Republican South Carolina Gov. Henry McMaster signed a bill into law in February 2021 barring abortions after a fetal heartbeat can be detected, which can happen at around six weeks into a pregnancy. The state can limit a woman’s privacy rights with regard to abortion decisions, but only after she’s been given “reasonable” time to pursue an abortion legally, the court found. (RELATED: DOJ Says Post Office Can Continue Flooding Red States With Abortion Pills)
“We hold that our state constitutional right to privacy extends to a woman’s decision to have an abortion,” Justice Kaye Hearn wrote in the majority opinion. “The State unquestionably has the authority to limit the right of privacy that protects women from state interference with her decision, but any such limitation must be reasonable and it must be meaningful in that the time frames imposed must afford a woman sufficient time to determine she is pregnant and to take reasonable steps to terminate that pregnancy. Six weeks is, quite simply, not a reasonable period of time for these two things to occur.”
We respectfully, but strongly, disagree with the Court’s ruling. We’re working with the Governor’s office and legislature to review all our available options moving forward. https://t.co/bgAk2dqYon
— Alan Wilson (@AGAlanWilson) January 5, 2023
Justice George James dissented from the majority opinion, arguing that the court was wrongly interpreting the right to privacy under the Fourth Amendment to apply to abortions rather than unlawful searches and seizures by law enforcement.
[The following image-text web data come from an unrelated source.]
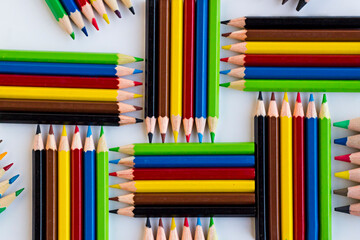 Colorful crayons,pencils designed group of five on the white surface,top view.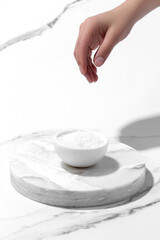 Hand spilling sea salt on white background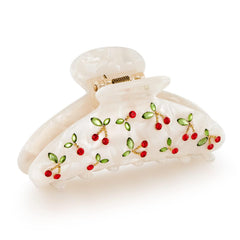 LILIE&WHITE front view of red cherry clip showing bold sparkle and secure hold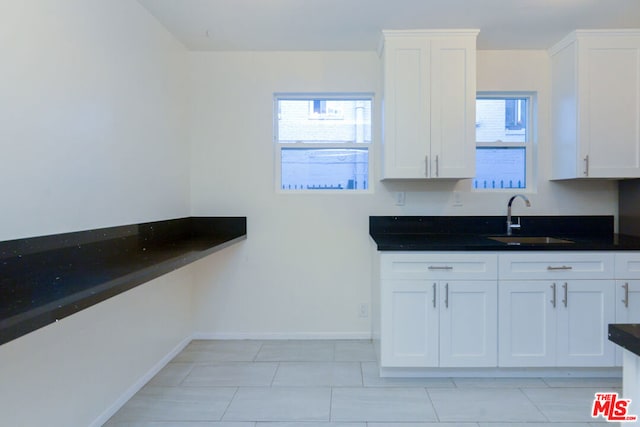 kitchen with white cabinets, light tile patterned flooring, and sink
“We must consider the intent of the framers and the voters,” he wrote. “It is clear the framers did not intend to create a full panoply of privacy rights, much less the right to bodily autonomy or the right to have an abortion.”
The Supreme Court overturned Roe v. Wade June 24, clearing the way for states to implement abortion restrictions in the first two trimesters of pregnancy, which had generally been considered unconstitutional under Roe. Now that South Carolina’s heartbeat law has been struck down, the state does not restrict abortions until 20 weeks, or about five months, into a pregnancy.